Teaching Comparative Government and Politics

Monday, February 23, 2015

Let's get this right

Here's a Chinese defense of its political and cultural values.

How well can your students critique it?

Why should China say no to "wrong Western values"?
The West breathed a collective sigh when Chinese education minister recently vowed to ban "wrong Western values" in universities.

Those who follow the antiquated paradigm of autocracy versus democracy will invariably label the announcement as ideological tightening and claim China is closing the door to western culture.

But this sort of conclusion, without prudent review of why the Chinese government resists these "wrong Western values" or the context of this decision, is in itself wrong.

China does not oppose the ideas of liberty, democracy, equality and human rights, which are among the core values of western culture. In fact, these concepts are included in the Constitution. However, China's understanding of these concepts may differ to the West…

There is no universal criteria to judge political values. Therefore, China must assimilate western values within its own political culture. Otherwise, it could ruin the future and fate of the entire nation.

China has always stressed the protection of human rights, which are the basic goals of countries seeking for good governance. However, it holds different values from the Western thought that human rights are natural born.

China holds that the concept of human rights depends on objective conditions, like history, traditions, and economic and social development, thus, there is no universal concept of human rights.

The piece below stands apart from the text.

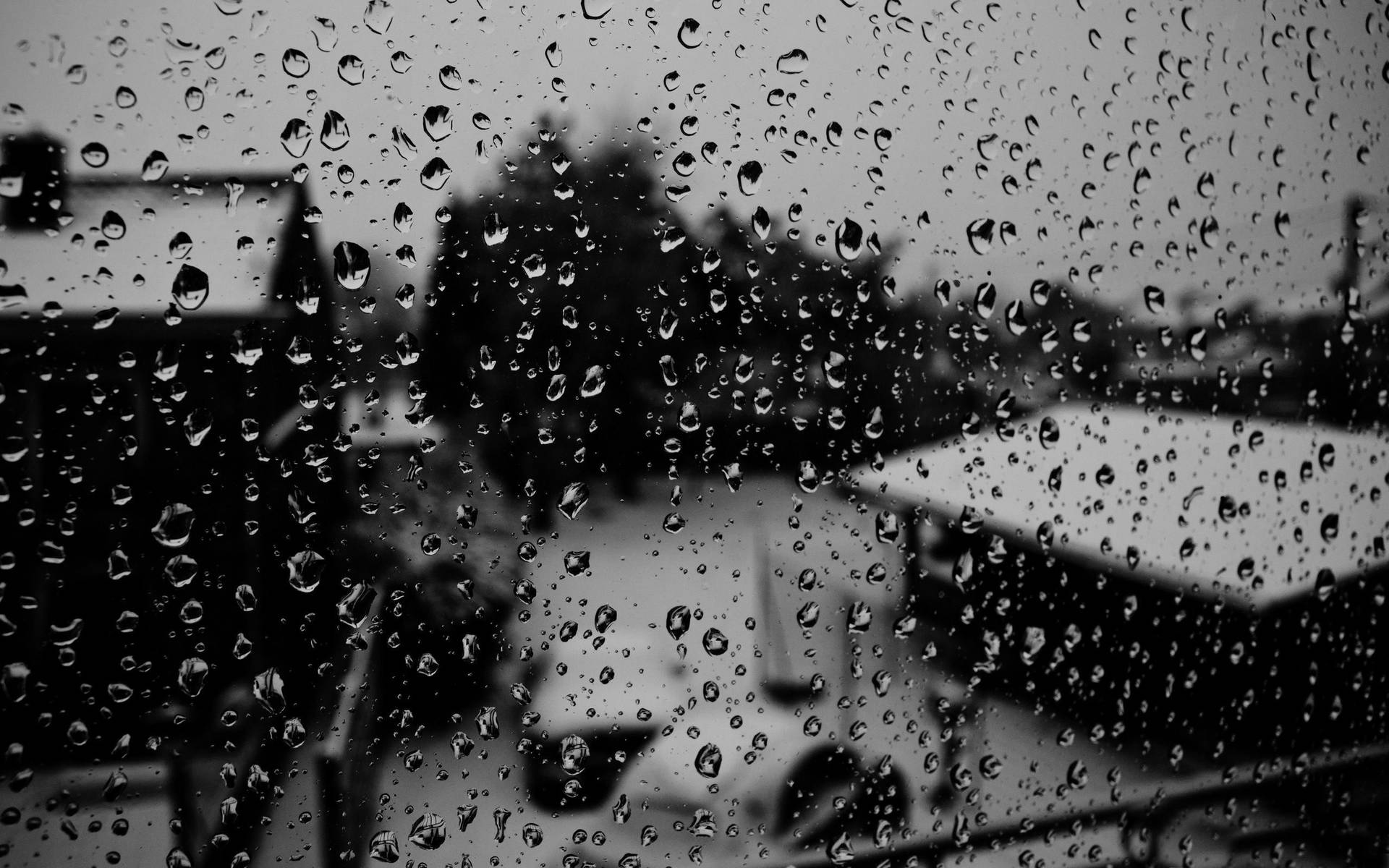 Schwarzeund Weiße Regentropfen Auf Einer Glasoberfläche Wallpaper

Unlike western countries, which pay more attention to liberty, protection of private property and other civil and political rights, China, a developing country, prioritizes the right to subsistence and development.

In addition, humans do not only have civil and political rights, but also economic, social and cultural rights.

Liberty is cherished the world over, including in China. In the political spectrum, liberty is a symbol of Western political thought that is based mainly on the individual. Chinese traditions and Marxist ideology, however, is based on collective liberalism…

China did not just stumble upon its current political system by accident, nor did it happen by random invention.

It is a result of a laborious processes of trial and error; reflection and institutionalization. During this process, some western concepts such as multiparty elections and the separation of powers were proved unsuitable for China' s development.

History has told the Chinese that denying the leadership of the CPC and socialism leads to chaos and stagnation…

As for political systems, China welcomes equal discussion and study, rather than criticism or lack of consideration of others' conditions.